Engineering practice shows that construction activities can significantly amplify deformation in soft-soil coastal settings. Large-scale open-cut excavation and deep dewatering disturb the in situ stress and pore-pressure fields, leading to base heave, wall deflection and accelerated consolidation of underlying soft layers [
11,
12]. For shield or frozen-soil tunnelling, frost heave and thaw settlement may further contribute to differential deformation of the lining and surrounding ground [
13]. In coastal zones subject to intense monsoonal rainfall, the interaction between construction-induced pore-pressure changes and rainfall-driven groundwater fluctuations can give rise to delayed and cumulative settlement responses, yet these coupled mechanisms are still poorly quantified for many estuarine projects [
14,
15]. Traditional geodetic techniques such as spirit leveling and GNSS provide millimeter-level point measurements, but they are difficult to deploy densely along multi-kilometre corridors crossing rivers, reclaimed platforms and built-up areas, and thus cannot fully capture the spatially continuous and temporally evolving deformation patterns.
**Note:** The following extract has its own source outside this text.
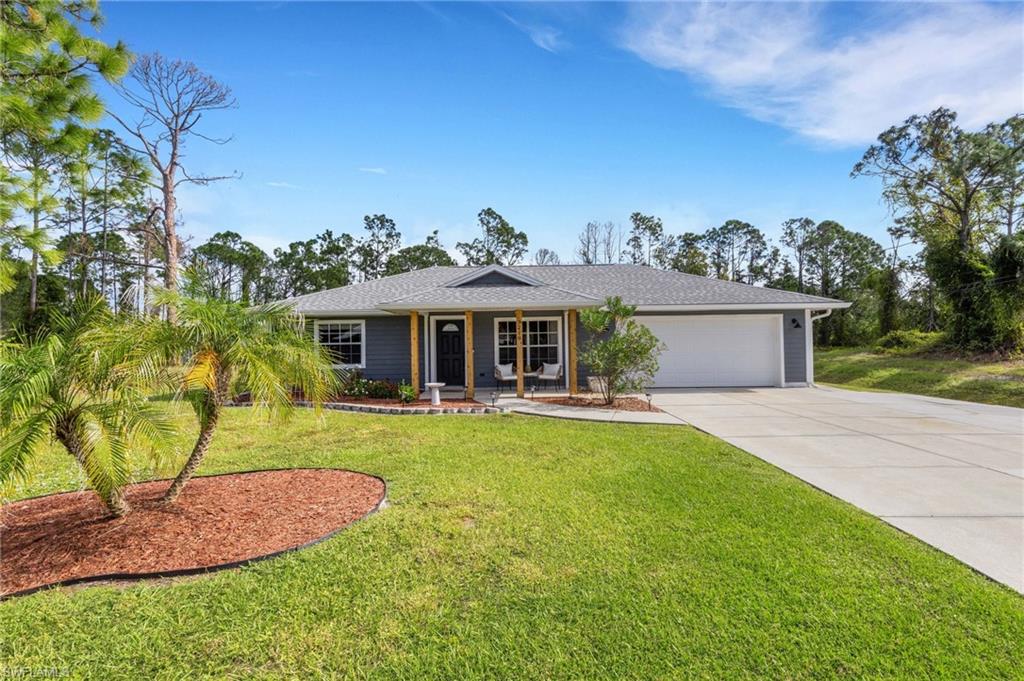 PORT CHARLOTTE - Residential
Over the past two decades, multi-temporal interferometric synthetic aperture radar (MT-InSAR) has emerged as a powerful tool for wide-area monitoring of slow ground deformation with millimeter accuracy [
16,
17,
18]. Time-series InSAR techniques such as the small baseline subset (SBAS) and persistent scatterer interferometry (PS-InSAR) have been extensively reviewed and continuously improved in terms of pixel selection strategies, baseline configuration, deformation modelling and error mitigation [
19,
20,
21,
22]. Recent advances in tropospheric delay modelling, atmospheric phase screen estimation and big-data processing frameworks have further enhanced the reliability of MT-InSAR products over large regions [
23]. With the routine acquisition of Sentinel-1 data, long time series of C-band SAR images are now freely available, enabling operational deformation monitoring for infrastructure management at regional to national scales [
24]. Previous studies have compared Sentinel-1 time-series InSAR (PSI/SBAS) results with independent geodetic measurements (e.g., GNSS and leveling) and reported good agreement, supporting the use of Sentinel-1 InSAR for infrastructure deformation monitoring [
25].
Consequently, MT-InSAR has been increasingly applied to monitor deformation of transportation and hydraulic infrastructures founded on soft soils. Case studies have reported detailed subsidence patterns and structural responses for reclaimed coastal airports [
26], highways and embankments [
27], metro systems in large coastal megacities [
28], and hydropower dams and reservoirs [
29]. Several works have also explored integrated frameworks that combine InSAR with LiDAR, GNSS, engineering geological information and machine-learning models to improve the interpretation and prediction of land subsidence in coastal environments [
30,
31]. Nevertheless, most existing applications focus on planar infrastructures such as airports or on buried metro lines within urban plains. Systematic MT-InSAR analyzes dedicated to estuary-crossing tunnels and channels—especially those constructed in thick marine soft soils using combined open-cut and pipe-curtain freezing methods in tropical climates—remain scarce.
Despite these advances, several important gaps remain. The first concerns how construction techniques such as deep open-cut excavation, dewatering and ground freezing jointly control the spatiotemporal evolution of deformation in marine soft-soil settings at the scale of an entire estuary channel; this coupling is still poorly quantified. In addition, only a limited number of studies have explicitly examined the delayed and stage-dependent response of tunnel or channel settlement to rainfall-induced groundwater fluctuations in tropical estuarine environments. Furthermore, the complementary strengths of PS-InSAR and SBAS-InSAR have rarely been fully exploited in mixed urban–estuarine terrains, where engineered structures, reclaimed platforms and natural soft-soil surfaces coexist, especially under warm-humid coastal conditions.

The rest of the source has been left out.